[A] v. Time

[LNgo 1G]

For a first order reaction the [A] v Time plot is a decreasing exponential but what would the graph of [A] v Time look like for a second order reaction?

[Haley Dveirin 1E]

For a second order reaction it gives a straight line.

[Alfred Barrion 2H]

The graph of [A] v. Time would be linear.

[Minh Ngo 4G]

Linear

[Angela Patel 2J]

Would the slope of the graph be k?

[805303639]

The graph of 1/[A] v Time for a second-order reaction yields a line with slope=k and y-intercept=1/[A]i. Hence the graph of [A] v Time for a second-order reaction would not be linear. The graph would be a rational function with a vertical asymptote at t= -1/(k[A]i).

[nicole-2B]

Would the slope of the graph be k?

yes the slope would be k

[Shrayes Raman]

Linear 1/[A] v time but not [A] v time

[Brandon Tao 1K]

The second order is linear

[Jarrett Peyrefitte 2K]

It would be linear

[Nawal Dandachi 1G]

for second order, it should be linear

[JesseAuLec1Dis1G]

It's linear for second order.

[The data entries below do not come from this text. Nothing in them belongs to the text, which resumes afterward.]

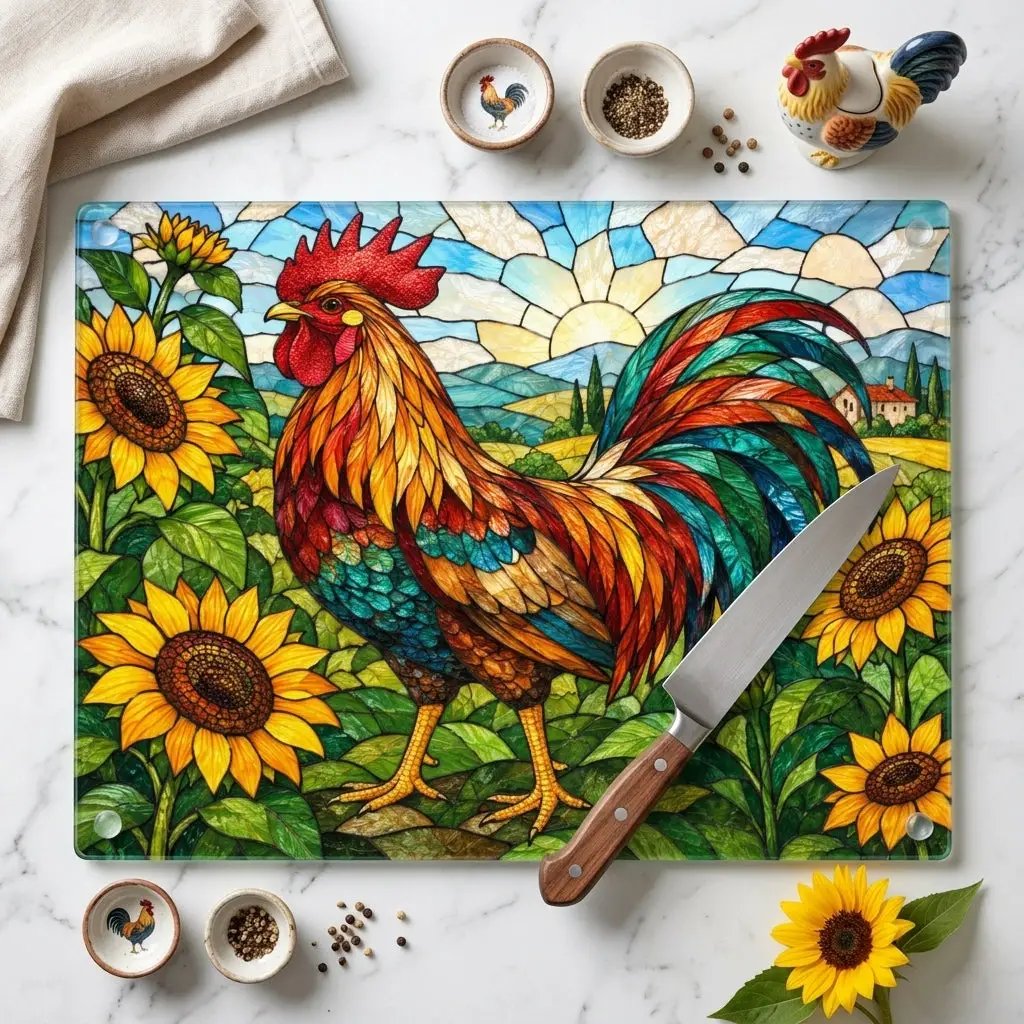 Rooster Glass Cutting Board, Sunflower Kitchen Decor, Colorful Farmhouse Rooster Art, Country Kitchen Gift, Stained Glass Farm Decor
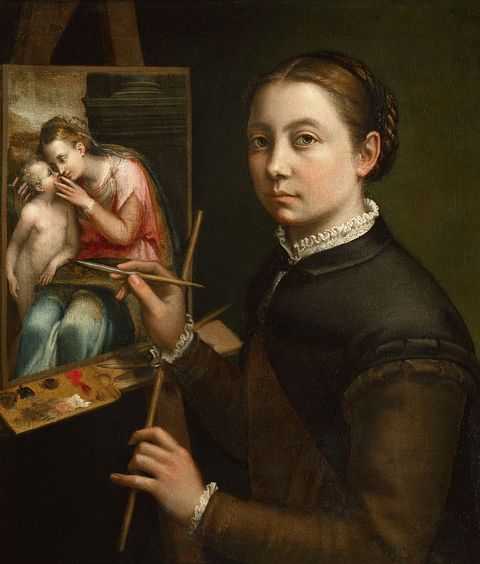 self portrait at an easel by sofonisba anguissola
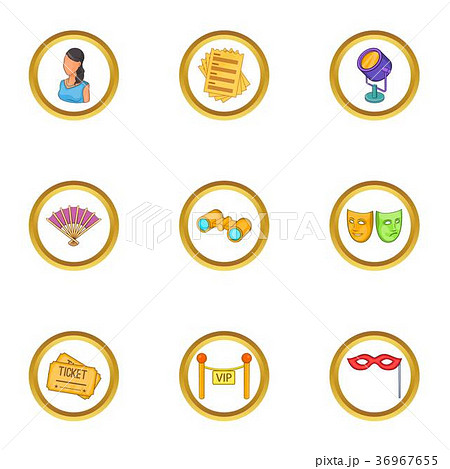 Theater icons set, cartoon style 36967655
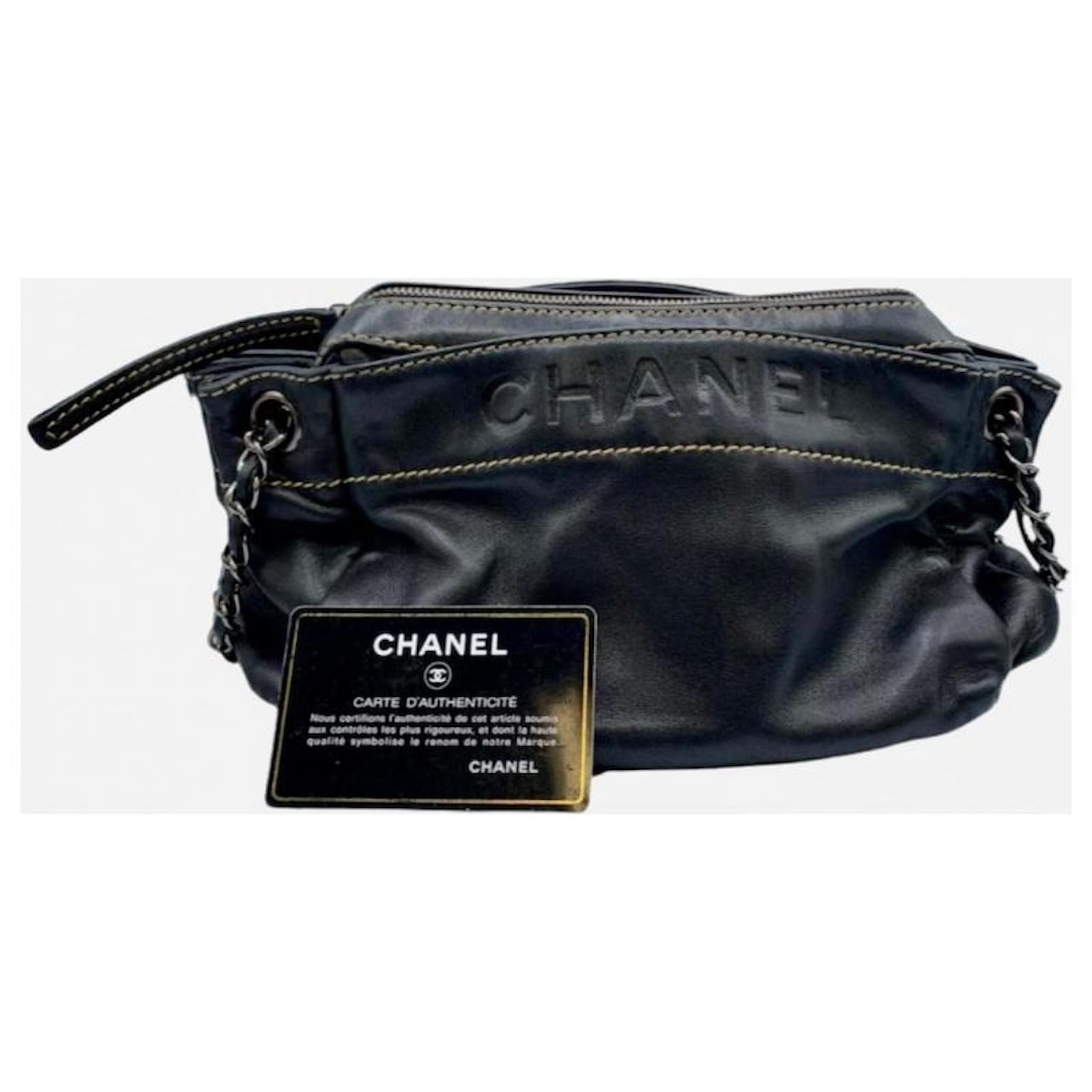 Chanel lax accordion bag Black Leather  - Joli Closet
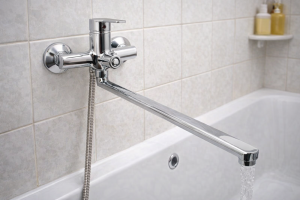 Змішувач s37 Ø35 для ванни вилив прямий 350мм дивертор вбудований картридж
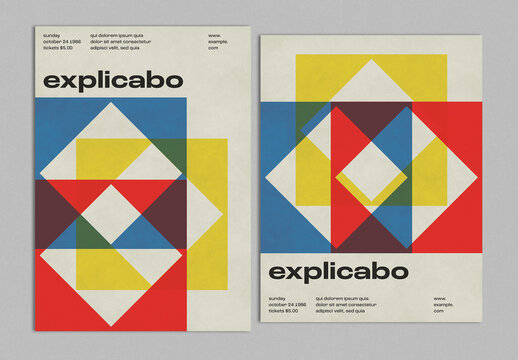 Postmodern Minimalist Poster Design Layout in the Swiss Style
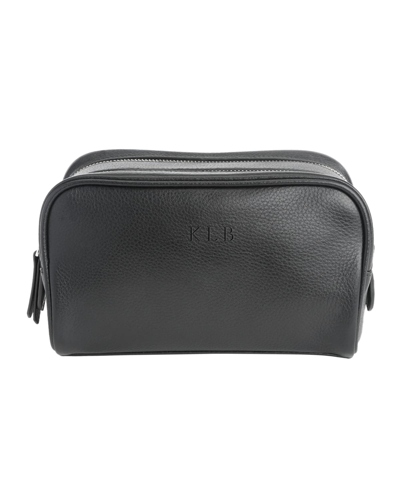 ROYCE NEW YORK MONOGRAMMED DOUBLE ZIP LEATHER TOILETRY BAG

Does anyone know when it wouldn't be linear?

[Caroline Zepecki]

For a second order reaction, it would be linear.

[McKenna_4A]

It would be linear, confirming that it is a 2nd order rxn.

[Emily Vainberg 1D]

If you look at the graoh of 1/[A] v Time for a second-order reaction, the slope is equal to K. The y intercept =1/[A]i. This means the graph for a second order reaction would be linear.

[Jaci Glassick 2G]

The slope of a 2nd order reaction (1/[A] vs. time) is k. The graph is linear.

[Abigail Sanders 1E]

The graph of [A] vs time would not be linear for a second order reaction. It is only linear for zero order. For second order the graph of 1/[A] vs t is a linear function with a slope equivalen to +k.

[Jacob_Eberson_2D]

it would be linear with a positive slope (k)

[Saatvika Nair]

I believe that the second order would be a linear function (straight line) with a positive slope of +k. The graph would be 1/[A]. Hope that helps!

[205769933]

Every graph should show a linear graph, it's the axis that are different.

[JennyZhu1K]

ln[A] vs time will be a straight line for first order reactions and [A] vs time will be a straight line for zero order reactions.

[Ryan Khiev 1L]

[A] vs time for a second order reaction would look like a steeper exponential function than a decreasing exponential, it could only be linear if it was 1/[A] vs time. If you have a graphing calculator and graph 1/X it would look similar to that.

[Emma Goellner 2I]

It should be a linear graph for a second order reaction!

[905756606]

For a second order reaction, the graph of 1/[A] (not [A]) vs time would be linear with a slope = k.

[Michelle Gong]

It would be linear with a positive K+ slope!

[Kelly McFarlane]

The plot of a second order reaction on a [A] vs. time graph would be linear.

[Violet Mbela 2B]

Hi,
The plot of a second-order reaction would be a linear (straight line) graph with a positive slope of K+.

[almaortega]

Second order reactions when plotted 1/[A] vs time will be an increasing linear graph. k will be the slope of this line.